JPMorgan: Ignore the noise in the oil market

The “muted” weekly closing oil price changes conceal an alter ego of high intraday volatility that markets have experienced over the past few weeks, the report noted.  Research analysts David Martin and Upadhi Kabra think the strong oil rally in early October faded over the balance of the month with oversupply remaining the dominant market the price outlook, which was confirmed by EIA monthly data that confirmed US production continues to decline.

Several headlines have provided both false signals while others have tempted market participants. When the US government agreed to sell 58 billion barrels of crude from its SPR reserve inventories during 2018 to 2025, with potential to increase the selling to 100 million barrels, this news was noise. Likewise, a crude oil swap agreement with Mexico that also made news was market noise.

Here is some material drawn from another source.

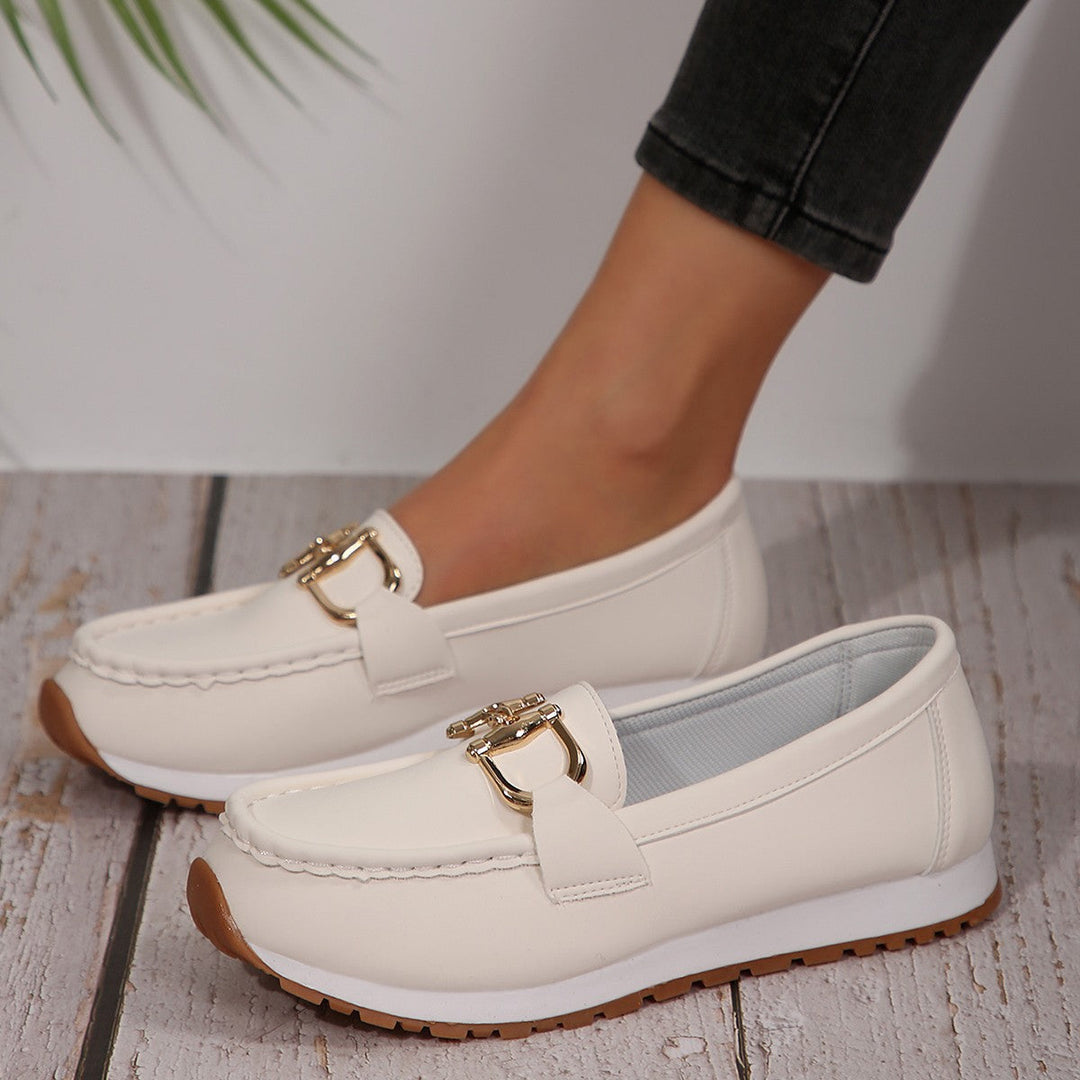 Ellie - Women's Flat Buckle Loafers for Everyday Wear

JPMorgan: An oil deal might take time

There is a possibility for a deal between OPEC members that is worth considering. If it is consummated, markets would likely see the re-imposition of production targets presumably in order to lift oil prices. Likewise, the report noted the “tantalizing prospect of a broader agreement was mooted ahead of last week’s technical discussions between Russia and OPEC members.” Despite the muted response, “OPEC policy shifts of this nature would be a game-changer for our price outlook through end-2016,” the report projected.

Beyond the internal politics of OPEC, the report notes that the regional tensions in Syria that place Saudi Arabia and its Sunni allies at odds with Russia and Iran, could cause problems. Despite there being sufficient economic rationale for OPEC to reach an agreement, “political constraints may inhibit it,” the report noted.